**Dataset content:**
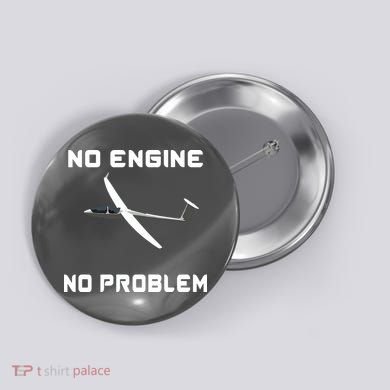 Glider Pilot Gliding Sailplane Flying Plane Button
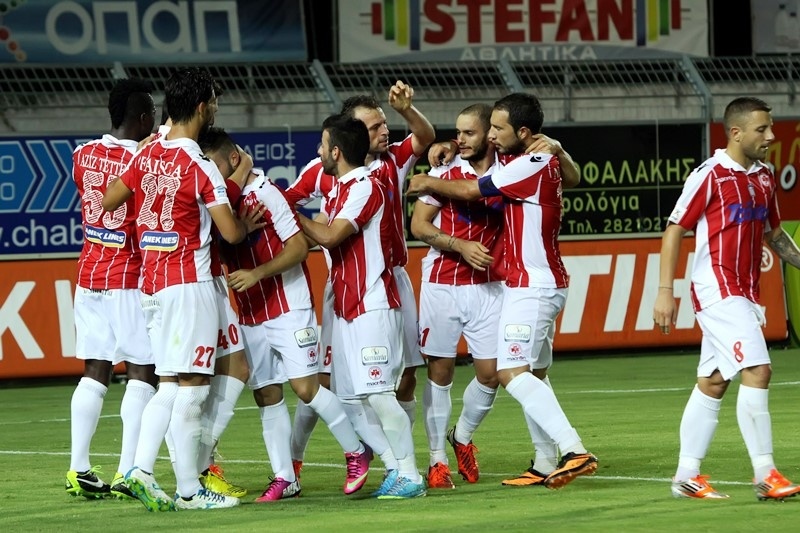 Πλατανιάς: Προπόνηση και... τσίκνισμα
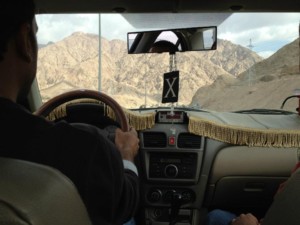 Petra Travel Blog - Jordan Travel Photography - taxi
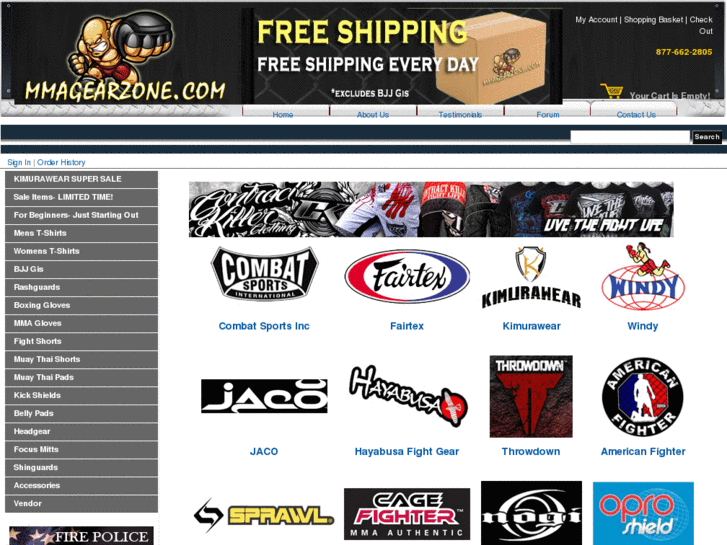 www.mmagearhouse.com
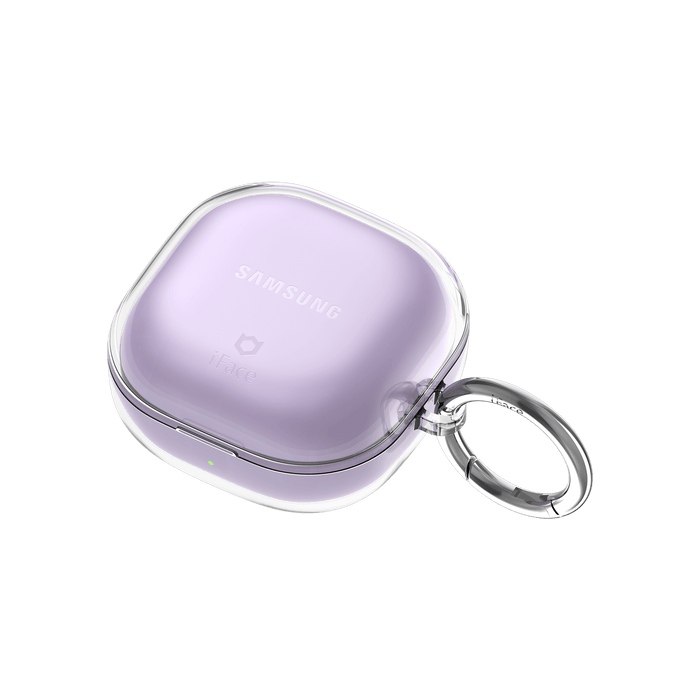 Galaxy Buds2 Pro iFace クリアケース&ストラップ付き Galaxy Buds2 Pro iFace クリアケース&ストラップ付き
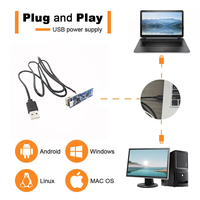 Penggunaan Sederhana Modul Transmisi Video WIFI Format MJPEG 720P Ukuran Kecil Papan Sirkuit Kamera WIFI
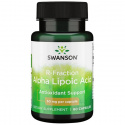 SWANSON Regular Strength R-Fraction Kyselina alfa-lipoová 50 mg – 60 mäkkých gélov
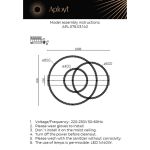 Люстры Aployt APL.076.03.140 Oriann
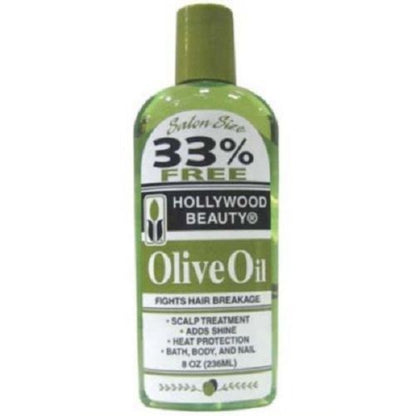 Hollywood Beauty Olive Premium Oil 2oz (6in)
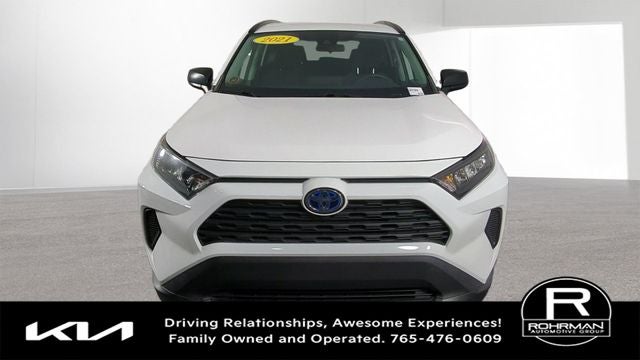 2021 Toyota RAV4 Hybrid LE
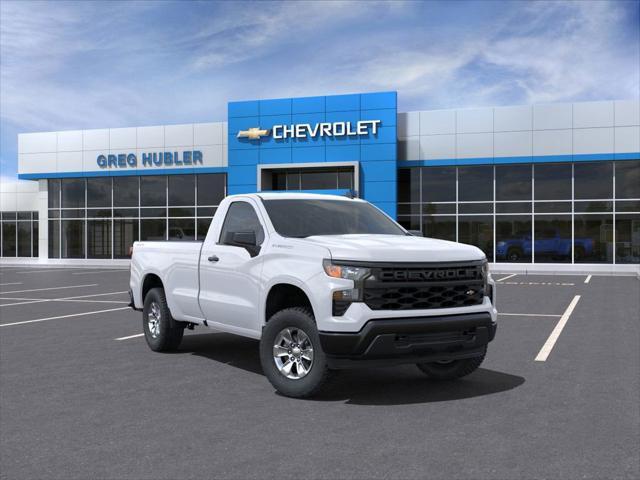 new 2025 Chevrolet Silverado 1500 car, priced at $47,980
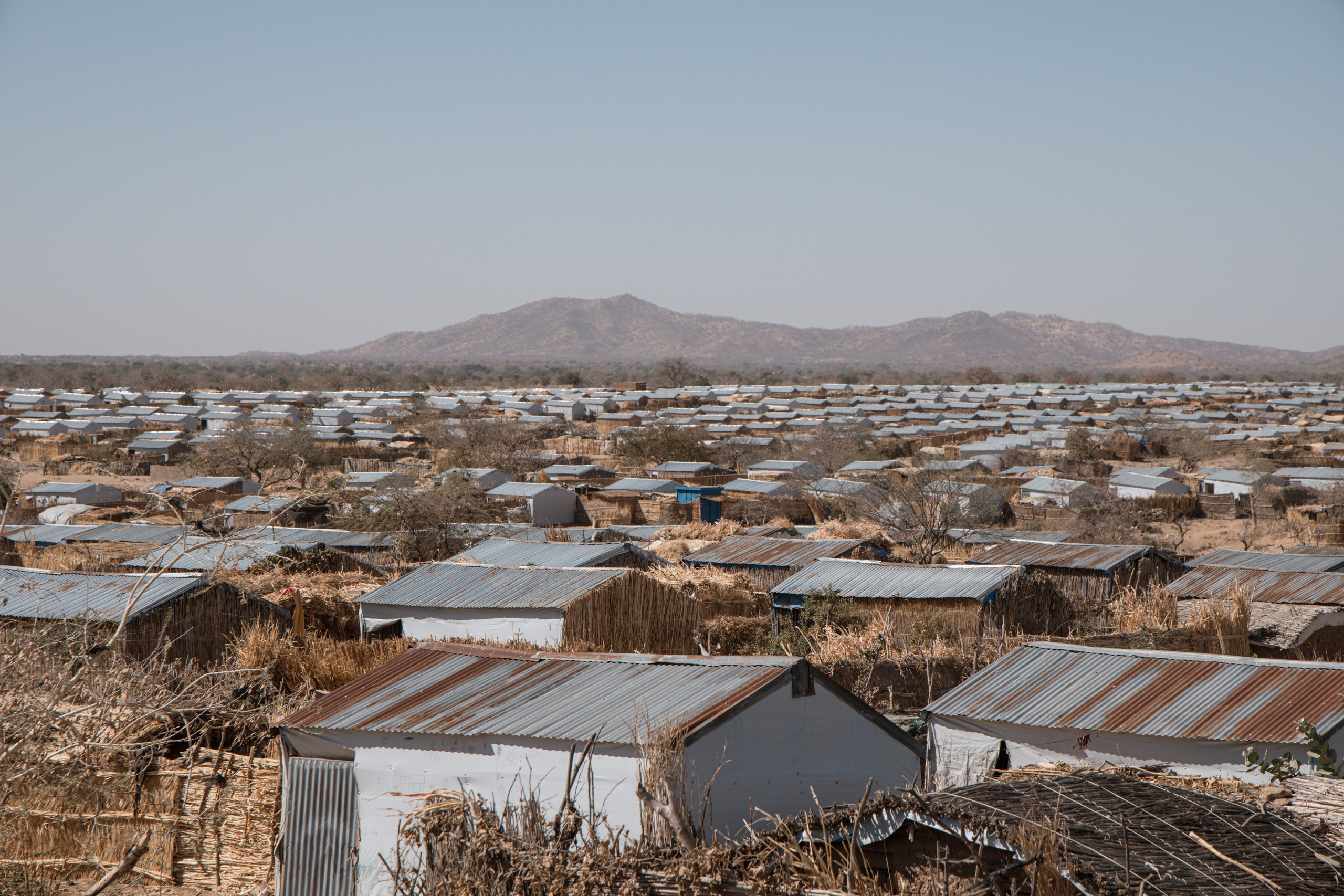 Chad / Darfur. Photo reporter français basé à Paris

**Required work:**
From the line containing "Hollywood Beauty Olive Premium Oil 2oz (6in)" down to the final line of the material, restate every line word for word, and only those; drop the pictures.

**Result of the exercise:**
 Hollywood Beauty Olive Premium Oil 2oz (6in)
 2021 Toyota RAV4 Hybrid LE
 new 2025 Chevrolet Silverado 1500 car, priced at $47,980
 Chad / Darfur. Photo reporter français basé à Paris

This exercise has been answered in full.